18. fin du mouvement ouvrier classique et classiste
Le mouvement ouvrier, comme ensemble de formes de vie, de réactions, d'institutions et d'idées, organisé autour de la défense de la force de travail, mais offrant un terrain d'action à des groupes radicaux, ce mouvement a disparu. De la fin du XVIIIe siècle à 1914-1918, le mouvement révolutionnaire en a dépendu. Il critiquait le mouvement ouvrier, mais y puisait ses militants et ses énergies. Les groupes révolutionnaires actuels ne sont même pas des « fractions » telles que la gauche italienne les concevait, minoritaires mais liées à des conflits réels. Un mouvement révolutionnaire n'est pas porté par un mouvement ouvrier. Nous sommes orphelins.
Autrefois, d'une part, un monde ouvrier autonome était regroupé autour de ses propres valeurs et institutions : coopératives, mutuelles, maisons du peuple, associations sportives, culturelles...., bourses du travail, presse, avaient constitué l'univers du salariat organisé. D'autre part, le mouvement « ouvrier » prenait en charge des domaines non directement ouvriers : culture, sexualité, formation, loisirs. Le mouvement ouvrier était l'âme du réformisme. On pouvait naître, travailler, se marier, militer, se distraire, mourir, « ouvrier ».
C'était la belle époque de la propagande qui faisait vivre un milieu d'auteurs et de conférenciers, le temps du quartier et de la cité ouvrière, espace autarcique et clos dans ses valeurs. La social-démocratie ne fut pas la seule initiatrice de ce monde à part, ni la seule bénéficiaire de son instauration. En 1875, l'anarchiste J. Guillaume appelait les ouvriers à se constituer en contre-société et à la fin du XIXe siècle, il y avait un certain nombre d'anarchistes qui vivaient de leur plume et de leurs conférences.
A l'origine, le capital traitait les ouvriers (et les autres facteurs sociaux dont il avait besoin : État, culture, etc.) comme des matériaux qu'il utilisait sans les pénétrer totalement. Puis il les reproduisit lui-même, les organisa directement en les reliant par la consommation en masse d'objets et de signes.

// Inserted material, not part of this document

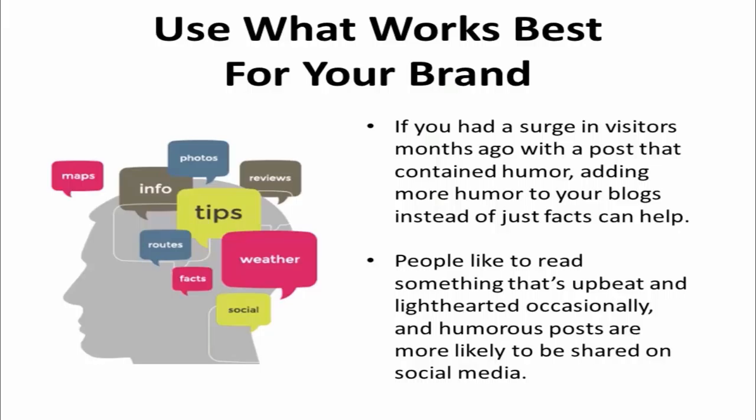The best thing that you can do for your company's blog is to use what works best for your brand. If you had a surge in visitors months ago with a post that contained humor, adding more humor to your blogs instead of just facts can help. People like to read something that's upbeat and lighthearted occasionally, and humorous posts are more likely to be shared on social media.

Après avoir eu une existence autonome dans la phase de développement extensif et de consolidation du capital (en gros, de 1871 à 1914-29), le monde ouvrier est devenu un simple appendice du capital. Là où il est une puissance énorme dans l'économie, comme c'est le cas en RFA, il ne l'est qu'à la façon d'une entreprise capitaliste dépourvue de traits ouvriers spécifiques. Les fonctions sociales autrefois assurées par les organismes ouvriers sont prises en mains par le capital et par l'État : le supermarché succède à la coopérative, la Sécurité sociale à la mutuelle. L'Etat ne se substitue pas au capital, il en réalise les lois, organisant le paiement en argent de tout service rendu.
Pendant sa période de relative autonomie, le mouvement ouvrier et syndical développe l'utopie ouvrière capitaliste : élimination du capital parasite (finance) au profit du capital productif (industrie) ; généralisation du travail ; direction de la production, et donc de la société, par les travailleurs organisés. L'idée d'une république du travail, démocratique et totalitaire, revêt mille formes dans les milieux socialistes et syndicaux, ainsi que dans la plupart des cercles « réactionnaires » (Sorel et G. Valois en France). Cette utopie prend plus d'ampleur dans les régions où règne la mono-industrie concentrée. Les mineurs de charbon gallois offrent l'exemple d'un milieu très combatif, très solidaire, jusqu'à l'action suicidaire (grève de plusieurs mois dans un contexte défavorable, terminée par une défaite écrasante). Ils veulent un « univers industriel » (an industrial cosmos) où l'État résulterait d'une pyramide de collectivités salariées démocratiques. Les Fabiens préconisaient une démocratie industrielle : les mineurs prennent le réformisme au mot, pour le réaliser vraiment.
Cette utopie n'est pas seulement impossible parce que le développement du capital ne peut être démocratiquement contrôlé. Mais aussi en raison de la désagrégation de la. communauté ouvrière sur laquelle reposait ce rêve et à l'image de laquelle il voulait refaire le monde.
La fin de la contre-société n'est pas une affaire d'organisation. Le mouvement ouvrier ancien a disparu parce que sa fonction, le réformisme, a été prise en charge par une multitude de médiations capitalistes. La contre-société est presque dissoute dans la société tout court. Le réformisme se démultiplie avec les instances d'arbitrage, les travailleurs sociaux, les médias. Après 68, le gauchisme a accéléré cette pénétration du réformisme dans tout le corps social, avec le développement de néo-réformismes autonomisant toutes les dimensions autrefois explorées par le mouvement ouvrier (féminisme, pédagogie, questions sexuelles ... ) .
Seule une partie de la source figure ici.